Given information Block Start

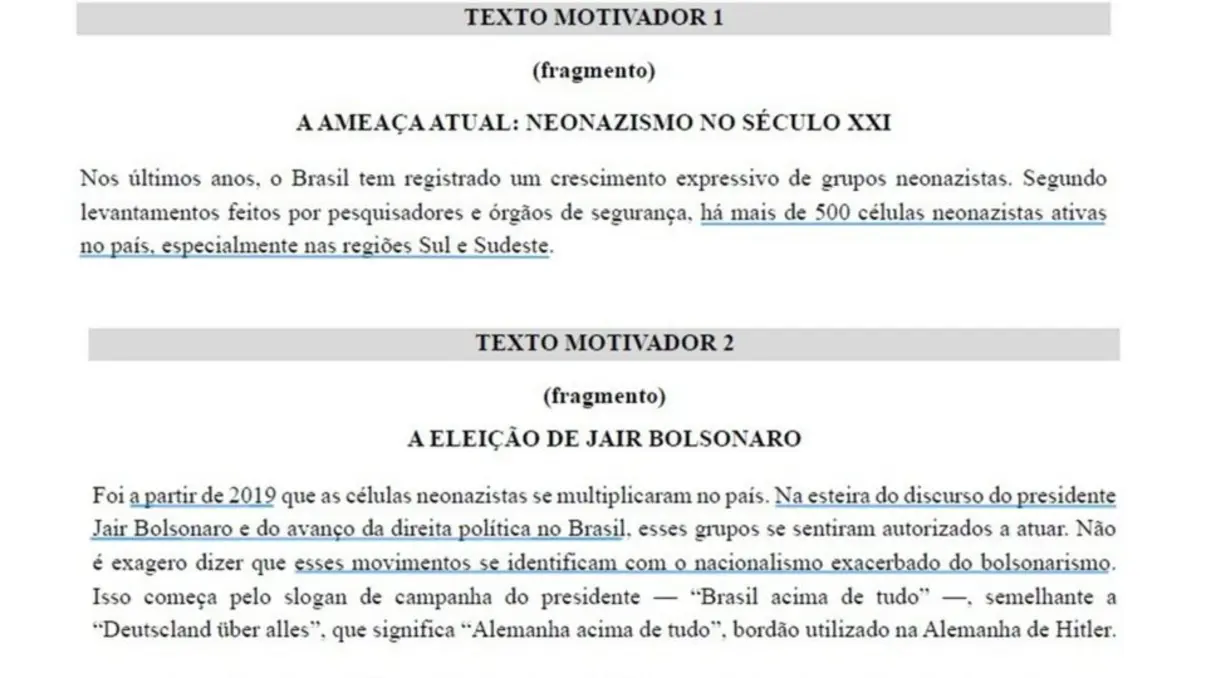 Vestibular da UFS causa polêmica com prova de redação que vinculou o neonazismo ao governo Bolsonaro. Professores e autoridades criticam a questão como "assédio ideológico" e "proselitismo político". A universidade cancelou a prova após as denúncias.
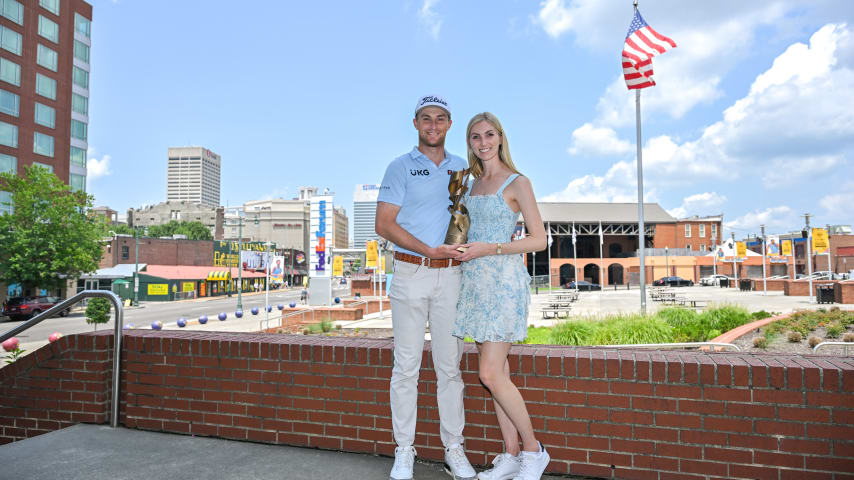 MEMPHIS, TENNESSEE - JULY 17: Will Zalatoris poses with the trophy outside the FedExForum during the FESJC Media Day on July 17, 2023 in Memphis, Tennessee. (Photo by Ben Jared/PGA TOUR)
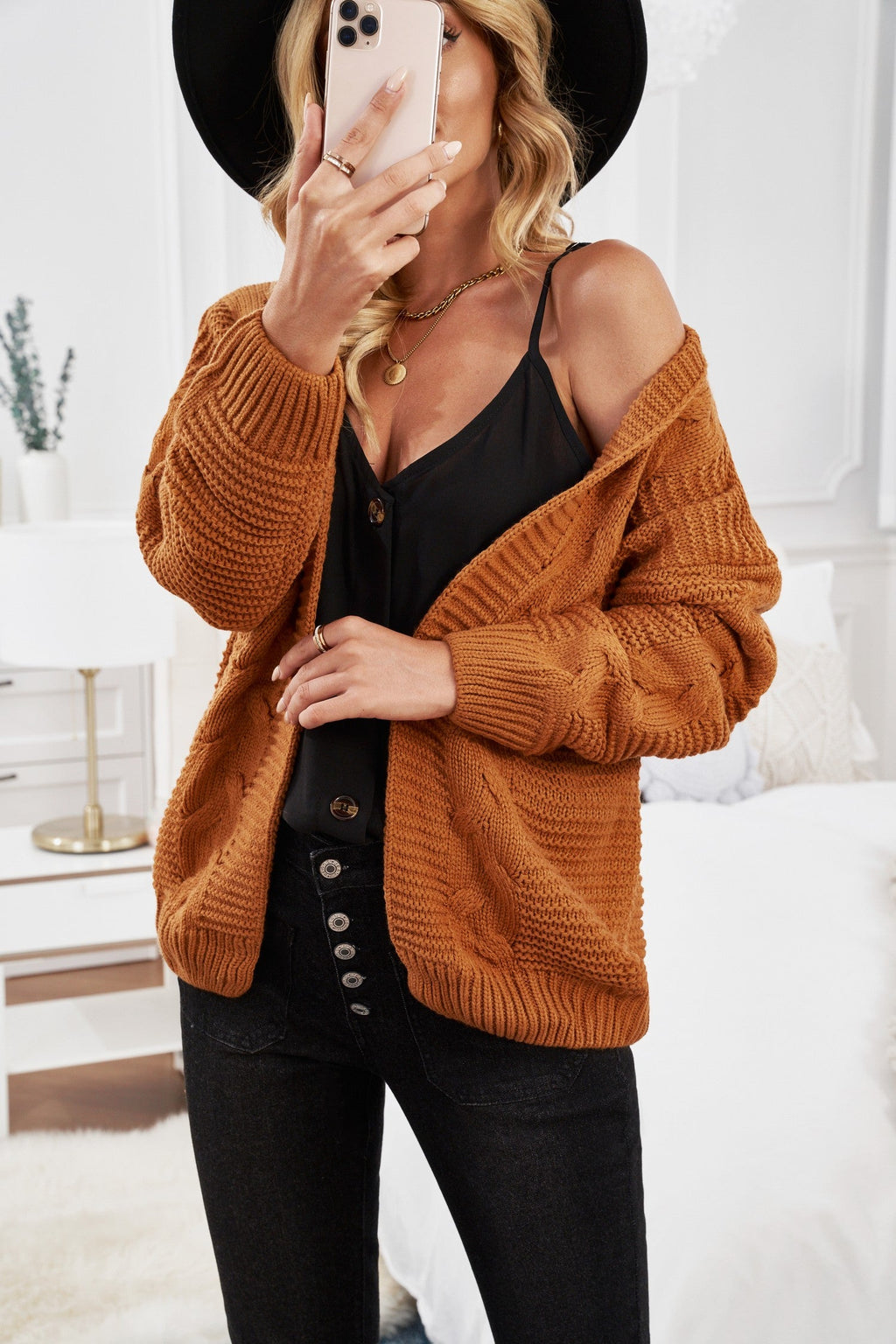 Talvina | Dames Kaki Wijde Gebreide Cardigan – Grofgebreide Trui met Lange Mouwen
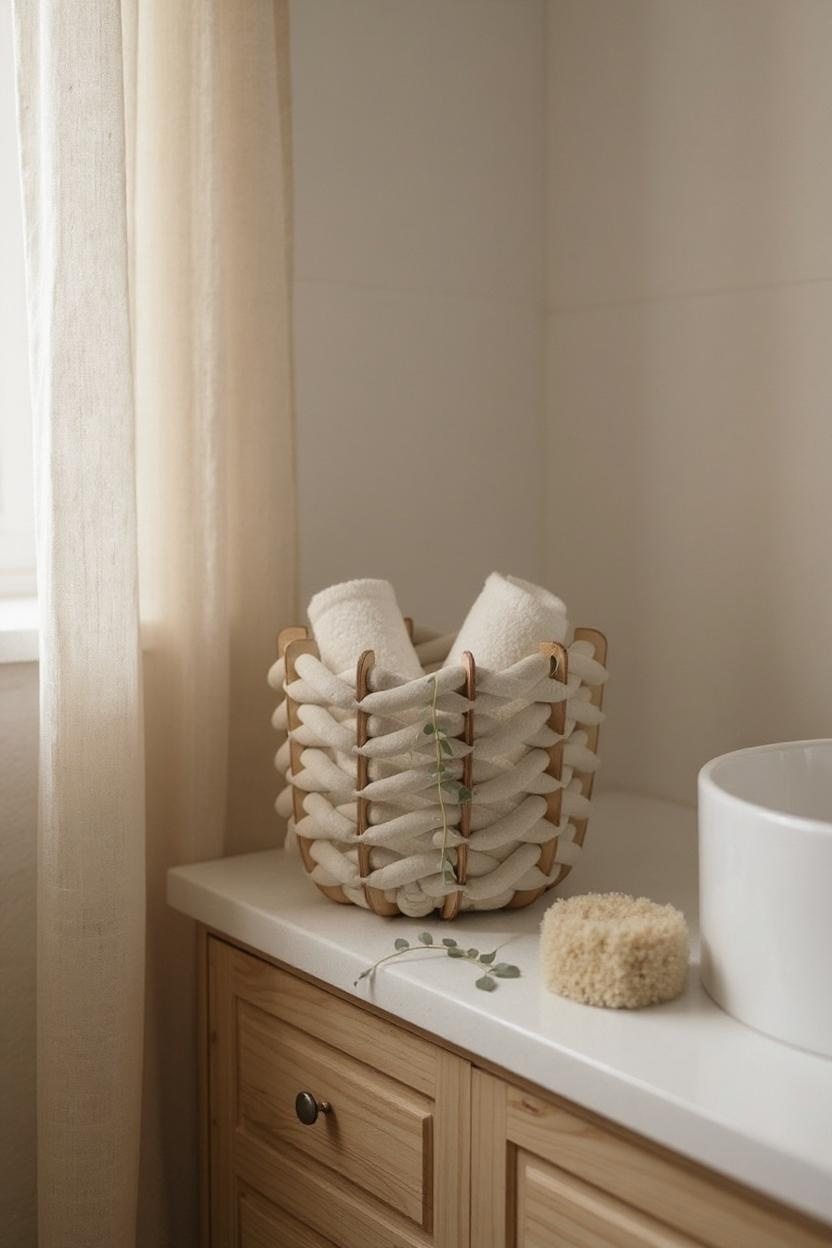 (M) Hull Basket in Stone Ultra suede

Given information Block End

An exact reproduction of the data above is required, with every picture removed.

* _Written reply_:
 Vestibular da UFS causa polêmica com prova de redação que vinculou o neonazismo ao governo Bolsonaro. Professores e autoridades criticam a questão como "assédio ideológico" e "proselitismo político". A universidade cancelou a prova após as denúncias.
 MEMPHIS, TENNESSEE - JULY 17: Will Zalatoris poses with the trophy outside the FedExForum during the FESJC Media Day on July 17, 2023 in Memphis, Tennessee. (Photo by Ben Jared/PGA TOUR)
 Talvina | Dames Kaki Wijde Gebreide Cardigan – Grofgebreide Trui met Lange Mouwen
 (M) Hull Basket in Stone Ultra suede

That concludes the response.